_DIRECTIONS_
Every line from the one containing "Snapshot of pleasureofbambie" to the one containing "Combishort bébé fille taille 18-24mois" in the records below, both included, must be set down exactly, and no other line.

_DATA RECORDS_
=== Section Start ===
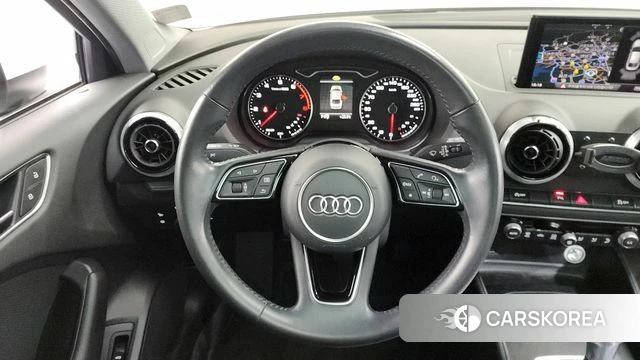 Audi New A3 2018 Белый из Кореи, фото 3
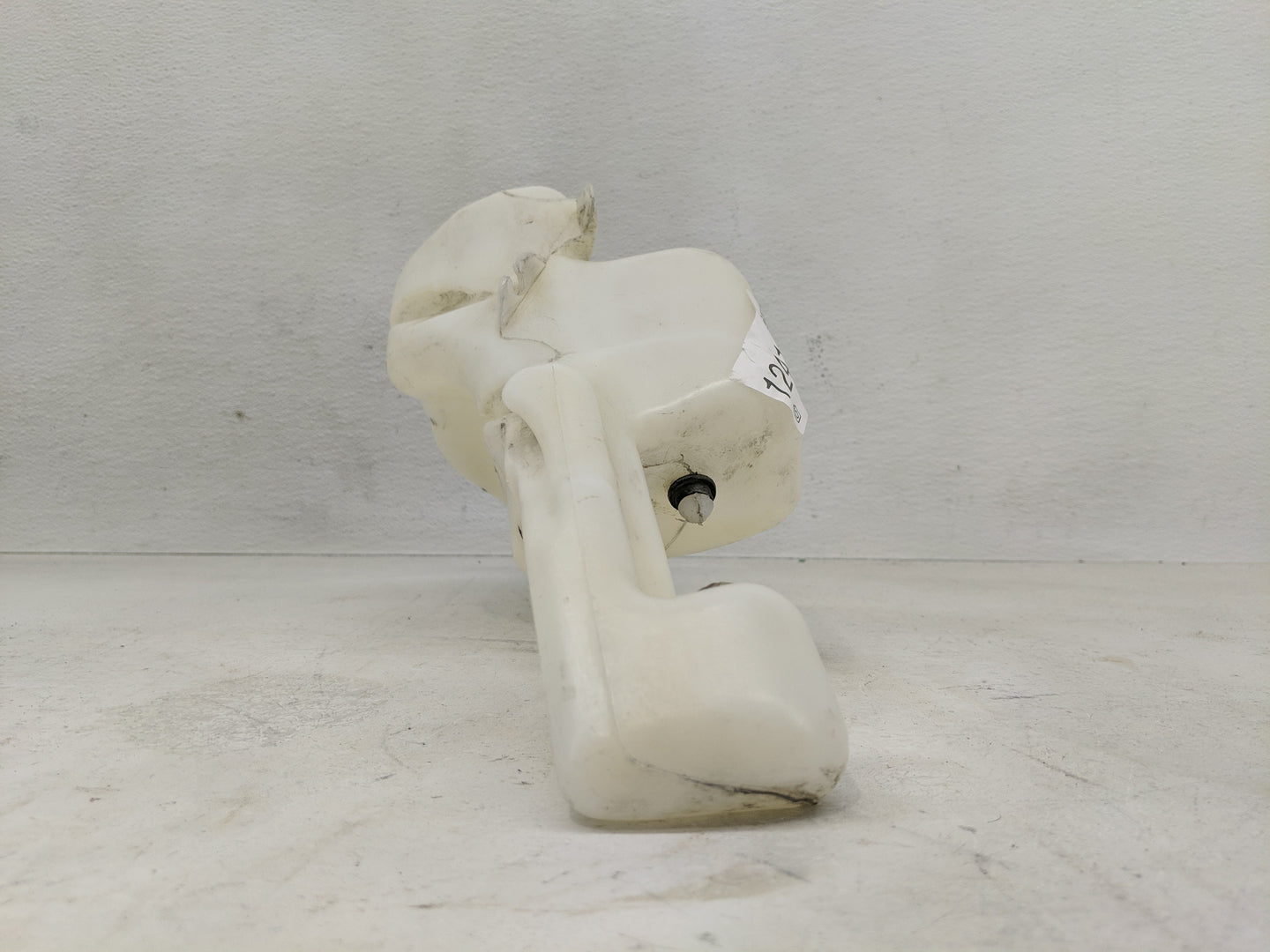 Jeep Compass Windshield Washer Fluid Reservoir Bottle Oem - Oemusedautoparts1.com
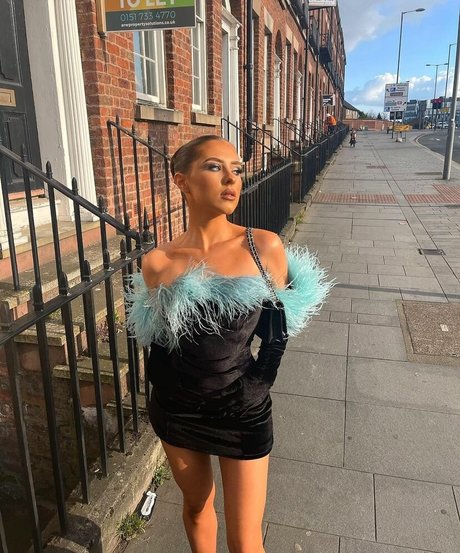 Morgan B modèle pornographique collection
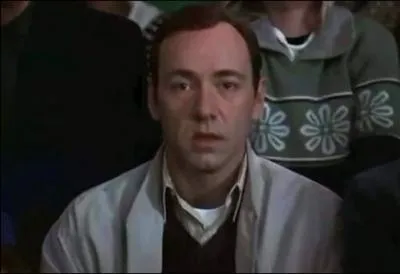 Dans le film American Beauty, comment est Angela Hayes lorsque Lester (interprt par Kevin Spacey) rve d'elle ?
=== Section End ===
=== Section Start ===
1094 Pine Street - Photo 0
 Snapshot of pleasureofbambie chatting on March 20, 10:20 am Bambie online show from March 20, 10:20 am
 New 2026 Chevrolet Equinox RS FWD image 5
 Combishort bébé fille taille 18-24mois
=== Section End ===
_TASK ANSWER_
 Snapshot of pleasureofbambie chatting on March 20, 10:20 am Bambie online show from March 20, 10:20 am
 New 2026 Chevrolet Equinox RS FWD image 5
 Combishort bébé fille taille 18-24mois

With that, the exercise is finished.